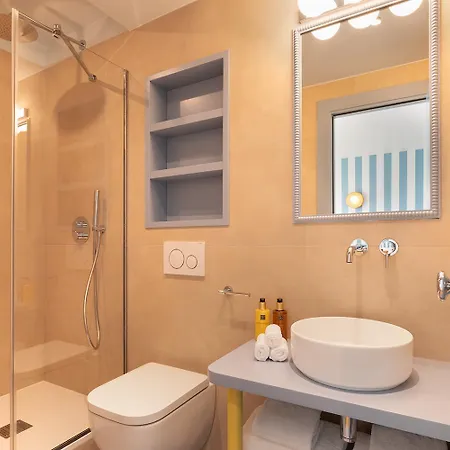 דירה Collection - Serviced Champs-elysees - Rue De Ponthieu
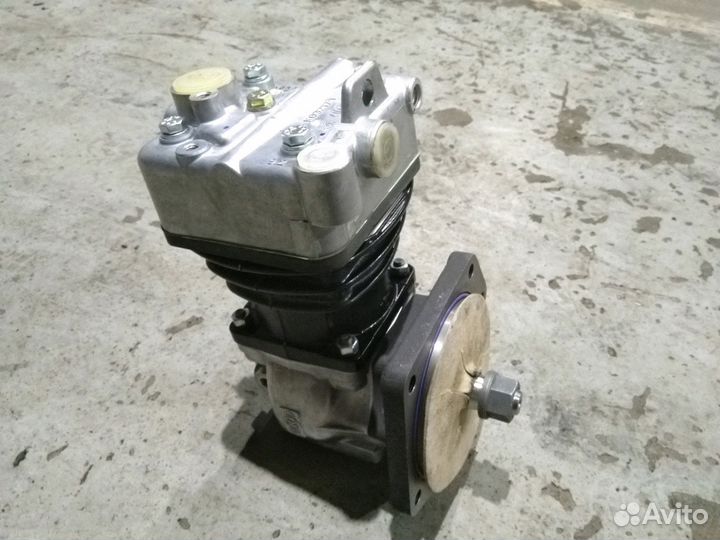 Компрессор воздушный Volvo 20429341 Knorr LK3986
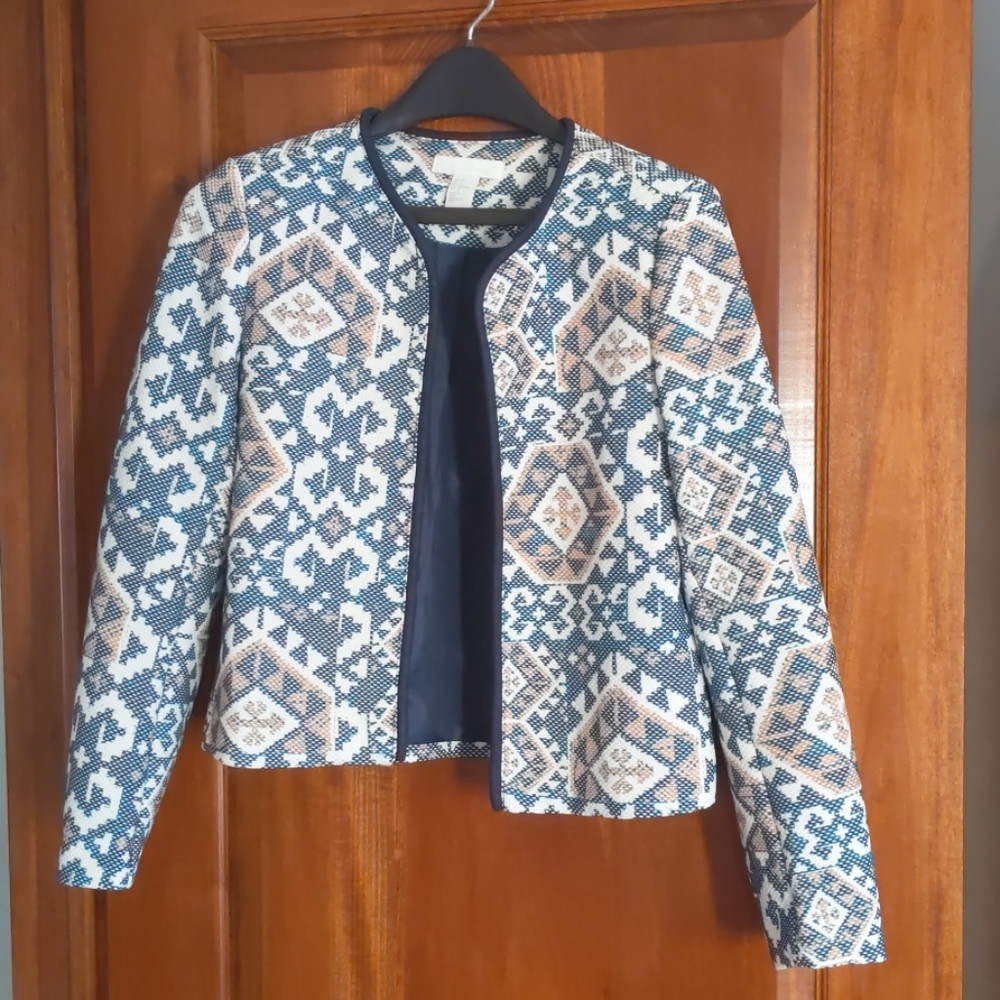 Jacket H&M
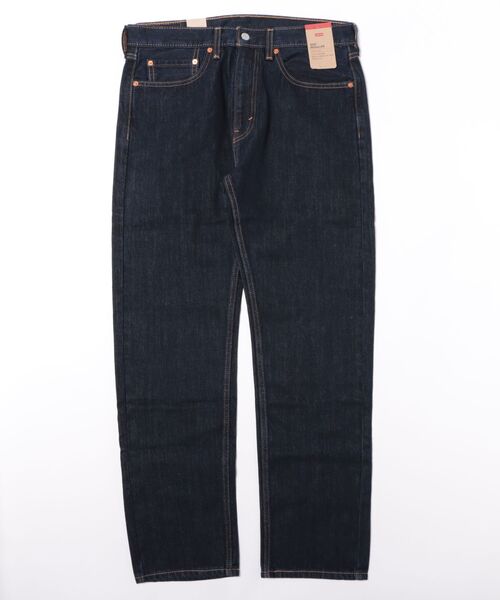 セール】Levi's 505 レギュラーFit USAライン（デニムパンツ）｜Levi's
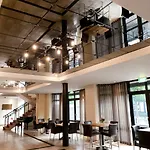 Hotel Fletcher Hotel-restaurant De Korenbeurs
----
Line by line, transcribe the records exactly, omitting the images.

 דירה Collection - Serviced Champs-elysees - Rue De Ponthieu
 Компрессор воздушный Volvo 20429341 Knorr LK3986
 Jacket H&M
 セール】Levi's 505 レギュラーFit USAライン（デニムパンツ）｜Levi's
 Hotel Fletcher Hotel-restaurant De Korenbeurs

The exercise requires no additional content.